* _What needs to be done_
In the entries below, find the line with "BERNA Pantalone con" and the line with "Cosy - Climatise". Return those two lines and all lines between them, exactly.
Start of Entries shown
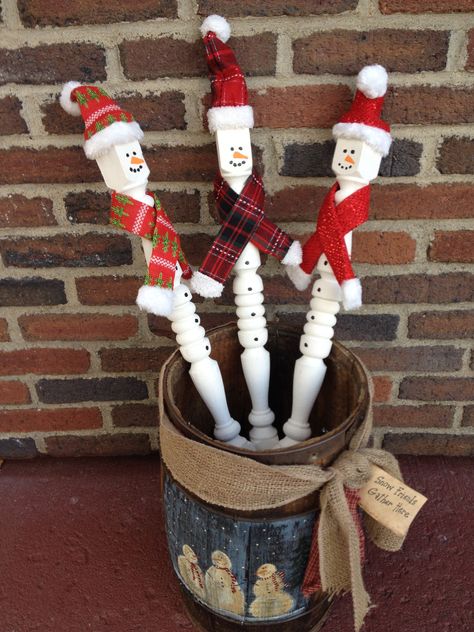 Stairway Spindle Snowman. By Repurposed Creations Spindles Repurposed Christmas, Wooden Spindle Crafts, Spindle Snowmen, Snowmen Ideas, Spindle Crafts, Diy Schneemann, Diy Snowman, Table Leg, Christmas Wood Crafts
End of Entries shown
Start of Entries shown
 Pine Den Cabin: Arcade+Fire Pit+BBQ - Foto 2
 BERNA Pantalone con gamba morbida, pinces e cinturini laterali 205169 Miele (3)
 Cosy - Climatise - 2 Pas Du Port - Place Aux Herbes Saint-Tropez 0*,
End of Entries shown
* _Reply to the exercise_
 BERNA Pantalone con gamba morbida, pinces e cinturini laterali 205169 Miele (3)
 Cosy - Climatise - 2 Pas Du Port - Place Aux Herbes Saint-Tropez 0*,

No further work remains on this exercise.